Adoption of recommendations needed
Researchers from the AACR, the U.S. Food and Drug Administration and Harvard Medical School's Dana-Farber Cancer Institute found that only 4.5 percent of patients in clinical trials for myeloma treatments were African Americans. However, African Americans make up about 20 percent of the 30,000 Americans diagnosed each year with the blood cancer.
The disease claims an estimated 5.6 deaths per 100,000 African Americans annually, compared with 2.4 deaths per 100,000 whites.
The researchers say the racial disparity found in clinical trials is concerning because the results may not properly reflect underlying genetic and biological differences that have been discovered between African American and white myeloma patients.
They point in particular to disparities in trials for novel therapies — an area of promise for this presently incurable disease, as studies have found improved outcomes in recent years for patients diagnosed with multiple myeloma.

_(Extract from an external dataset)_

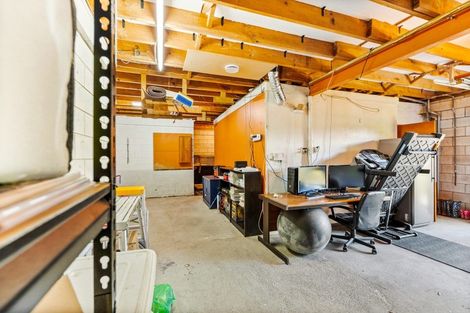 Photo of property in 8 Penton Road, Stanmore Bay, Whangaparaoa, 0932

Among the recommendations offered by the researchers:
- Broaden eligibility criteria for clinical trials. Set diversity targets for trials and, when possible, avoid rejecting patients from clinical trials with underlying conditions such as high blood pressure or kidney disease that disproportionately impact African Americans.
- Appoint a diversity officer to assist with trial design and recruitment.
- Engage with advocacy groups to build trust and encourage participation in trials and studies.
- Devise strategies to overcome clinical, social and socioeconomic impediments to trial access.
- Incentivize inclusiveness through funding, regulation or legislation as has been done for other types of trials, including for orphan drugs.
The study concludes by emphasizing the need to include those most impacted by multiple myeloma in studies and trials.
"The importance of diverse representation cannot be underscored enough and is critical to ensure that safe and effective products are available to the U.S. patient populations,” the researchers wrote in the report. They added that the goal was for the recommendations to “lead to a more inclusive ‘real-world’ drug development paradigm."